All that said, let’s have a look at the latest headlines starting with the report that Tencent was in talks to buy a controlling stake of Ctrip (Nasdaq: CTRP). (Chinese article) The reports said that Tencent wanted to buy more than 51 percent of Ctrip, in a deal that would have valued the company at around $6 billion. Ctrip shares shot up 6.5 percent after the report came out, prompting the company to put out a statement denying the report. (company announcement)
Frankly speaking, I believe Ctrip’s denial in this case, since I don’t really see any major synergies between WeChat and Ctrip’s core online travel services. Ctrip did once sell a strategic stake in itself to Japanese e-commerce firm Rakuten. But Rukuten later sold the stake after it failed to get any synergies from the tie-up. That case showed that Ctrip’s owners preferred to stay independent and didn’t really want a strategic partner, and I expect they would take a similar view about a tie-up with Tencent.
While the Ctrip rumors look suspicious, another report that Tencent is quietly testing a new gaming platform for WeChat looks a bit more credible. (Chinese article) That report says Tencent was showing off the new platform at a recent conference for developers, who gave a positive reception to a demonstration of the first game on the platform, called Tiantian Lianmeng. The company also reportedly has a strong pipeline of other new games that it plans to roll out on the platform after its official launch.
This strategy looks consistent with what Tencent has said in the past, namely that games will be one of the big money earners on WeChat. Tencent successfully used a similar strategy with its popular desktop messaging product QQ to become China’s biggest online game company. This new WeChat strategy looks similar, and seems like a better way to commercialize the service because it will appeal to WeChat’s core demographic of users in their teens and 20s.
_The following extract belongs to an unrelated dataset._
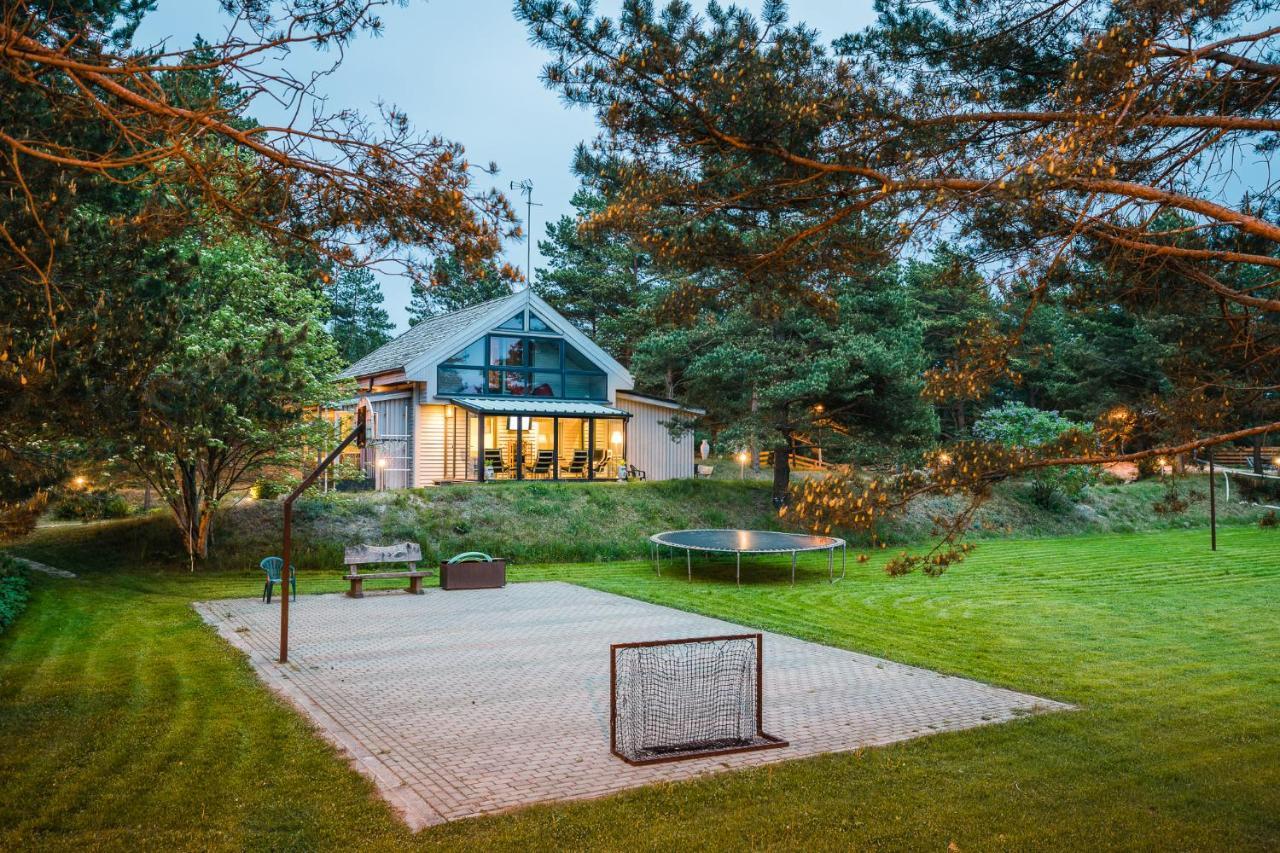 Villa Juras Krasti Idille à Jurmalciems Extérieur photo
Finally there’s news from the international front, with media reporting that WeChat now has some 70 million registered users outside China, nearly double the total from just 3 months ago. (English article) I suspect many of those users are in Hong Kong and Taiwan, which also use Chinese and where WeChat has quickly gained a major following.
Tencent recently opened a US office as part of its global WeChat expansion (previous post), and the latest reports indicate it is eying other markets like Brazil, India and Mexico for future growth. Tencent will have a bit more competition in this global drive, as it faces strong competitors like US-based WhatsApp and Japan’s Line. But WeChat’s solid product design, combined with Tencent’s own deep resources, could give this global campaign a strong chance of success.
Bottom line: A rumored WeChat tie-up with Ctrip looks false, while a new online game platform could help WeChat to quickly turn profitable.